Studio album by Petra
- Released: November 20, 2001
- Genre: Christian rock, praise
- Length: 46:04
- Label: Inpop
- Producer: Jason Halbert, Dwayne Larring

Petra chronology
| Double Take (2000) | Revival (2001) | Jekyll & Hyde (2003) |

= Revival (Petra album) =

Revival is the nineteenth studio album of the Christian rock band Petra and their third praise album. It was released on November 20, 2001.

==Album background==

Revival was released amidst some major changes for the band. Three members had departed the band, so Bob Hartman decided to return from retirement to help cement the ground for their next album. Also, the band was dropped from their label (Word/Epic) which started a search for a suitable record label to launch their next album.

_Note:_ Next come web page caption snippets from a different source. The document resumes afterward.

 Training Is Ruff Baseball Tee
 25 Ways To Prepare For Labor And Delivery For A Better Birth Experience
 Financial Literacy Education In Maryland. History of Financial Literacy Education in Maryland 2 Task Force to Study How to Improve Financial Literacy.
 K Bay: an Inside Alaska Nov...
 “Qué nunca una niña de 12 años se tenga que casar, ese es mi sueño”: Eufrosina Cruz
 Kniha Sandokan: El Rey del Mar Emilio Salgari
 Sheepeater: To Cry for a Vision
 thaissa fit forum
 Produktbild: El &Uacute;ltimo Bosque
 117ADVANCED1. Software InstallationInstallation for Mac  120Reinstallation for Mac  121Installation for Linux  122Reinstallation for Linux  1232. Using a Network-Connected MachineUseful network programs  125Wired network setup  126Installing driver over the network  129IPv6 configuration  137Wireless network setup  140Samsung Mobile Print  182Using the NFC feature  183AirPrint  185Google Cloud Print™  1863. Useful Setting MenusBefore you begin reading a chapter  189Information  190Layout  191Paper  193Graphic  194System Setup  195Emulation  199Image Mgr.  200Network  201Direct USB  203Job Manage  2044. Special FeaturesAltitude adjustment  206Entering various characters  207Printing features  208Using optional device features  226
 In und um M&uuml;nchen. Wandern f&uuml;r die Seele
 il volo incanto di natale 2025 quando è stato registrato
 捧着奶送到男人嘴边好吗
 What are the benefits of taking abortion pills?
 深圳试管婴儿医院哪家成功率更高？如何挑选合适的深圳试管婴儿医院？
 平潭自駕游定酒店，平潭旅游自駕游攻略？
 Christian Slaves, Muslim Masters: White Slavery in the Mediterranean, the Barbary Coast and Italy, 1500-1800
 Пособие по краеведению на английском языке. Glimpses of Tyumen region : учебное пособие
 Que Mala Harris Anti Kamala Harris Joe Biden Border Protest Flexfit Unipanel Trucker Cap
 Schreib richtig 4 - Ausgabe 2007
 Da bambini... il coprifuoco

Inpop Records picked the band up and prepared for their next release. It was decided by both the band and producers that the best way to follow was a third praise album. They also decided that, instead of hiring new members, they would stay with remaining core members (John Schlitt, Louie Weaver, Bob Hartman) and use studio musicians for bass and keyboards.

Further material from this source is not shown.